The Northbrook-based company, which prides itself on how well it holds onto customers once they join, posted the worst retention numbers in recent memory last year. For 2020, Allstate's auto policy renewals for its namesake brand, which accounts for a majority of its revenue, were 87.5 percent, down from 88.0 percent in 2019. It was the worst performance on that metric since at least 2001, according to investor disclosures.

Not coincidentally, that led to a 0.5 percent decline in policies at year-end, to 21.8 million, according to earnings data released Feb. 3. By contrast, Mayfield Village, Ohio-based Progressive, consistently along with Geico the fastest growing of the big U.S. auto insurers, boosted its auto policies by 11 percent in 2020, according to a Securities & Exchange Commission filing.

The slippage flew in the face of one of CEO Tom Wilson's top priorities, which is for Allstate to add market share after years of losses to the likes of Geico and Progressive. He's pursuing what he calls a "transformative growth" plan, in which the company intends to compete hard in sales over the internet and phone, as well as through independent agents. Most of the company's business continues to come through its army of agents selling only the Allstate brand.

In a conference call with analysts last week, Wilson didn't have many answers for the decline in policies. "Of course, retention's always hard to figure out, right?" he said. "Because you have a bunch of stuff going on, you have people changing lifestyles, not driving as much, some people shopping more, you have competitive moves."

TRIMMING RATES

Executives attributed at least some of the attrition to the end of Allstate's "Shelter-in-Place Payback," which expired last summer after Allstate provided monthly 15 percent rebates to drivers in the early stages of the pandemic. The company then reverted to its old rates in most states while archrival State Farm slashed auto rates by 11 percent nationally on average in response to far lower accident claims as driving behavior changed. Progressive and Geico, too, lowered prices in select states.

State Farm now is increasing rates again in many states, but not to the point where they were before COVID. Allstate early this year finally is trimming auto rates in several states, including a 5 percent average reduction in Illinois, going into effect later this month.

Allstate long has championed the importance of customer retention in driving growth or at least holding its own in market share. Allstate achieves its industry-leading profit margins by pricing policies above faster-growing rivals, given that its costs remain higher than many peers.

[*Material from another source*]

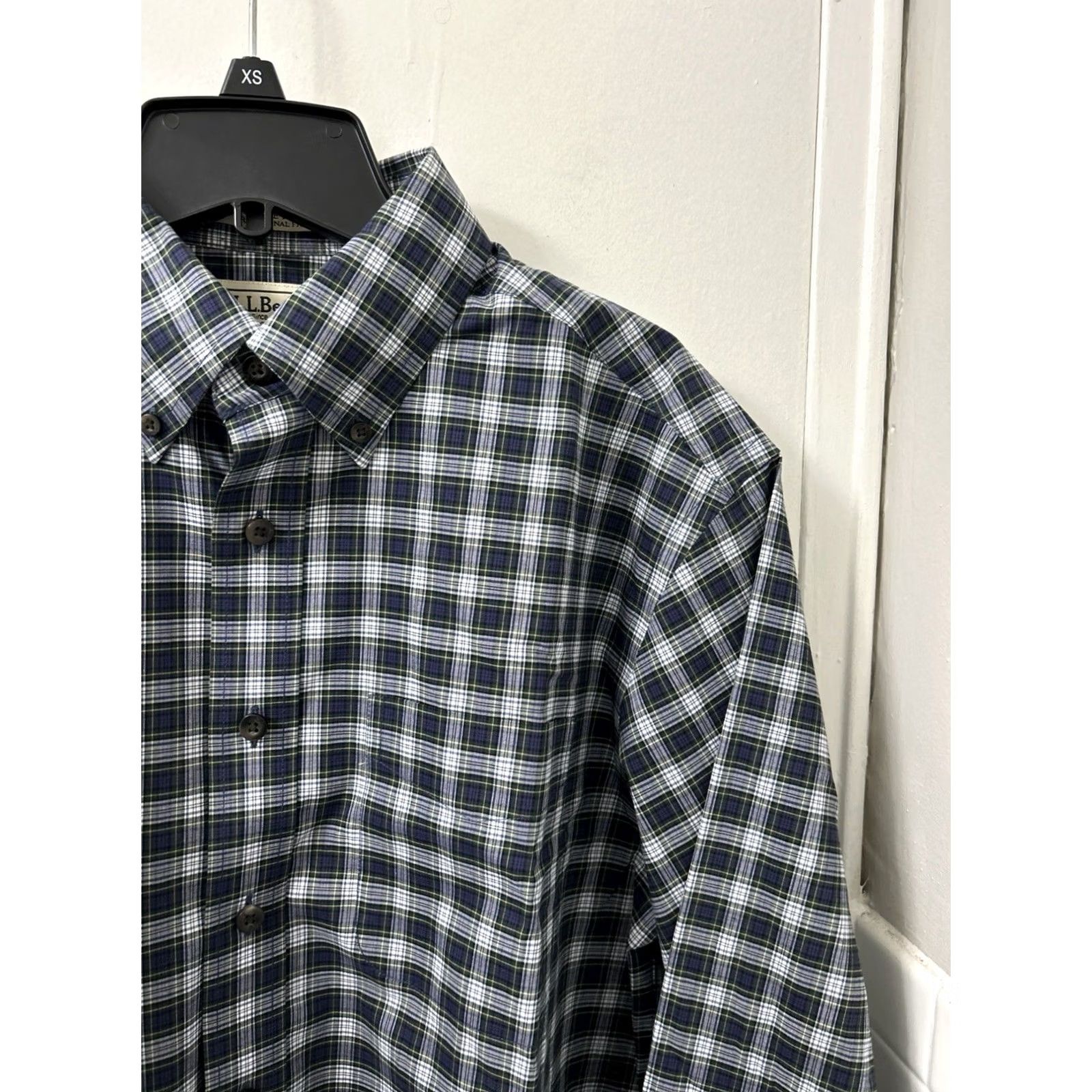 Vintage L.L.Bean Shirt Mens M Blue Plaid Classic Fit Button-Down Long Sleeve Oxford 218573 Size US M / EU 48-50 / 2 - 4 Thumbnail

So it was unusual to hear Glenn Shapiro, Allstate's president of personal property-liability, come close to dismissing the retention issue during the earnings call. "We're within a decent range of our long-term retention and we're focused on it, and of course we want to retain every customer that we worked hard to get in the first place," he said.

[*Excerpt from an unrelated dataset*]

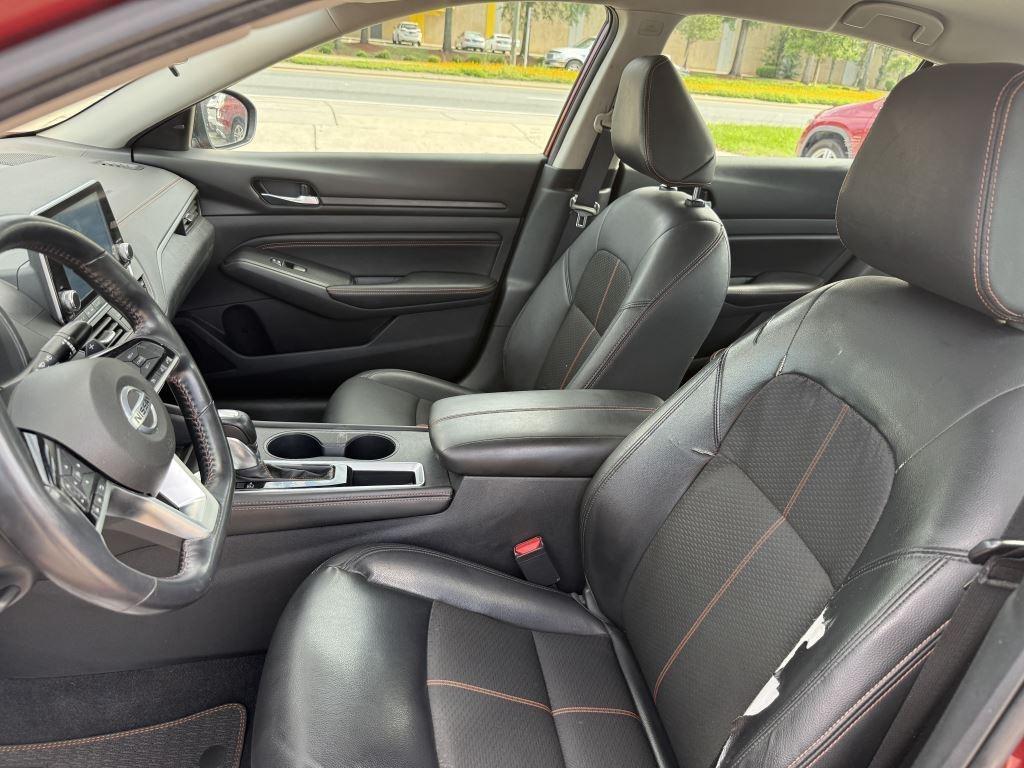 Nissan Altima  2021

Allstate's renewal rate generally over the last eight years has been about a full percentage point above 2020. That doesn't sound like a lot, but on a base of about 20 million policies, 100 basis points means 200,000 more lost policies.

Allstate's 78.2 percent renewal ratio in the fourth quarter was its worst quarterly attrition in at least eight years.

Wall Street isn't loving what it's seeing, either. Allstate's stock price was down about 2 percent in Feb. 4 trading. That was despite quarterly earnings that topped analyst estimates. Largely due to the windfall from lower claims payouts to reduced driving, Allstate's net income of $5.46 billion for the year was 17 percent higher than $4.68 billion in 2019.

Wilson and Shapiro portrayed 2020 as a year of transition in which the growth platforms they put in place were either being acquired or reorganized. Allstate closed its $4 billion acquisition of New York-based National General Holdings last month, giving it a top-five position among auto insurers selling through independent agents. And it eliminated the Esurance brand, which sold car insurance online and over the phone, instead moving that business into the Allstate brand and pricing policies sold directly at 7 percent less than what drivers get when they buy from an Allstate agent.

That makes 2021 a put-up-or-shut-up year on transformative growth.